— Work request —
Repeat the span of the entries below that starts at the line with "Comandante Andresito: el" and ends at the line with "To Let 3 Bedroom", nothing more. Skip the pictures.

— Given data —
===

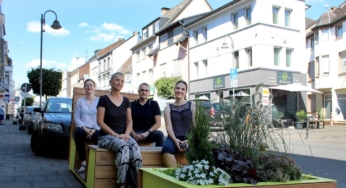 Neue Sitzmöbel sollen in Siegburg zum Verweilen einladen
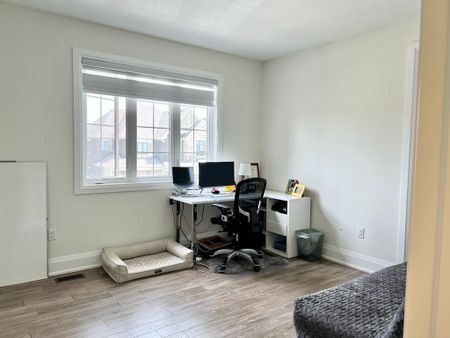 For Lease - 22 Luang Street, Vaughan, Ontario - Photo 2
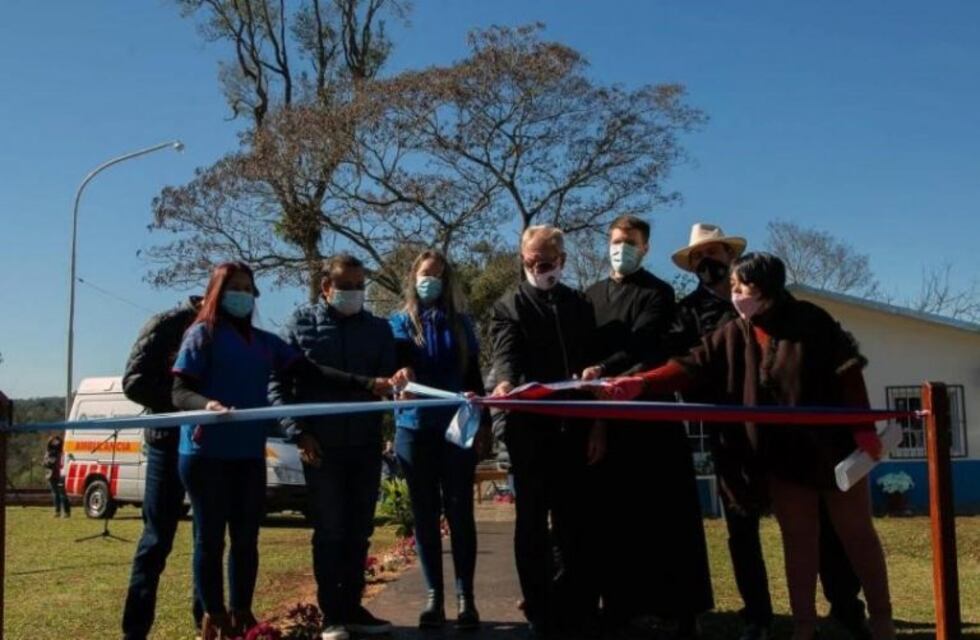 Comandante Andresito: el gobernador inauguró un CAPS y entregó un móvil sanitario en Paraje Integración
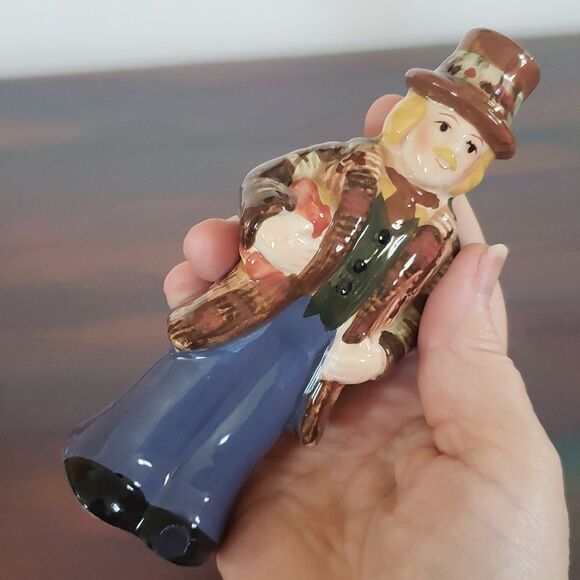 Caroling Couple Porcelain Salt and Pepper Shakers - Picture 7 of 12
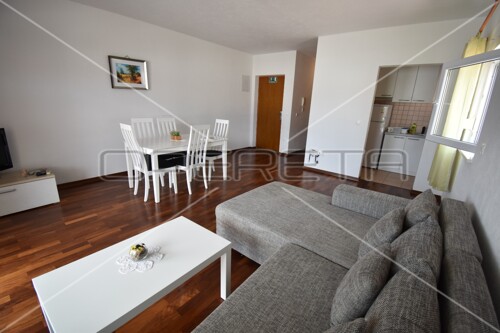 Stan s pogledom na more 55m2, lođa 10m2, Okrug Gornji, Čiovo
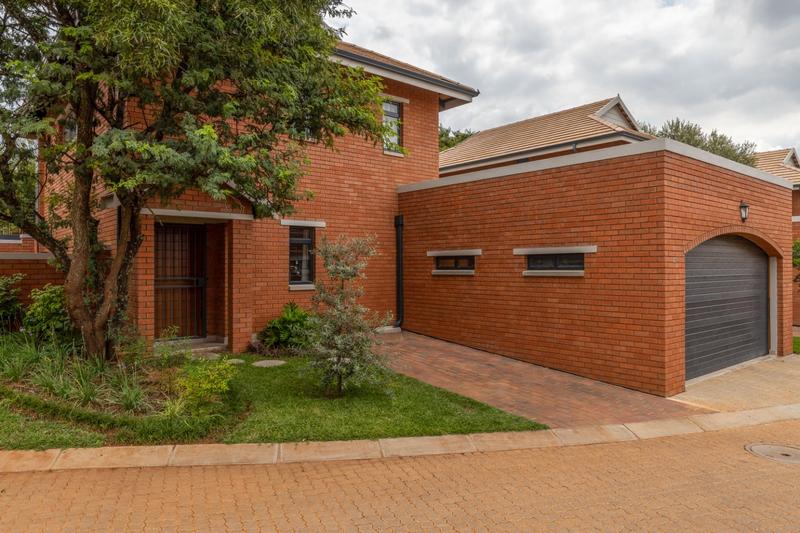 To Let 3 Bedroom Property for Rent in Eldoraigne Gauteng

===

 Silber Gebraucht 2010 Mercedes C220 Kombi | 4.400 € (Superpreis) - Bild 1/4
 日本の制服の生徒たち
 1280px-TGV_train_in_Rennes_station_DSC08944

===

— Written answer —
 Comandante Andresito: el gobernador inauguró un CAPS y entregó un móvil sanitario en Paraje Integración
 Caroling Couple Porcelain Salt and Pepper Shakers - Picture 7 of 12
 Stan s pogledom na more 55m2, lođa 10m2, Okrug Gornji, Čiovo
 To Let 3 Bedroom Property for Rent in Eldoraigne Gauteng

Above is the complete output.